La presidenta Sheinbaum tiene, por tanto, la responsabilidad de acudir a Canadá para reunirse con el primer ministro Mark Carney en la reunión del G7, y debería articular un bloque común en defensa del acuerdo trilateral. A la par, es fundamental que se implementen medidas compensatorias que demuestren que México no debe soportar todo en nombre de la prudencia.
El secretario de Economía, Marcelo Ebrard, se prepara para buscar excepciones en Washington, pero si no consigue respuestas satisfactorias, éste lunes debería anunciar una serie de aranceles compensatorios sobre productos estadounidenses.

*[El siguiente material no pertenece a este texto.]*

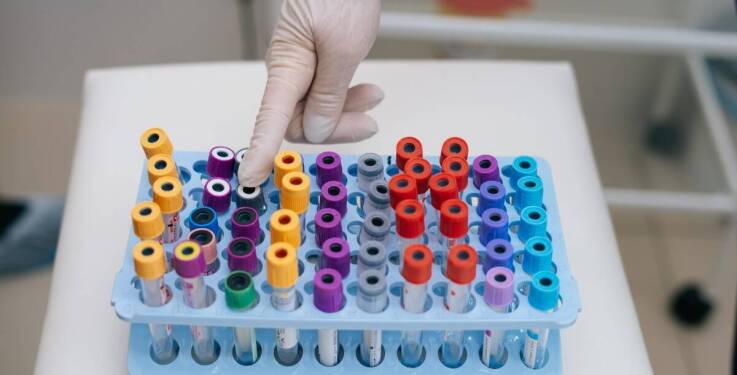 Jak badania krwi pomagają sportowcom w monitorowaniu zdrowia?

La historia reciente sugiere que este régimen, aunque en ocasiones parece soberbio, podría aprender del exsecretario de Economía de Peña Nieto, Ildefonso Guajardo, quien el 2018 respondió a los aranceles de Trump con una lista de productos, que incluía desde papas hasta quesos y carne de cerdo, seleccionando aquellos que afectarían a los votantes republicanos.
Así también, sería pertinente que se inicien los procedimientos adecuados en el marco del T-MEC. Aunque esto podría complicarse, dado que Trump justifica sus aranceles bajo la Sección 232 de su ley comercial, arguyendo motivos de seguridad nacional que podrían eludir el T-MEC, es crucial que el acuerdo trilateral se mantenga como el eje central de la relación comercial.
La tolerancia ha llegado a su fin; es el momento de activar las negociaciones necesarias para asegurar que el T-MEC no solo se respete, sino que se renegocie en busca de certezas que favorezcan a México en este complejo entorno comercial.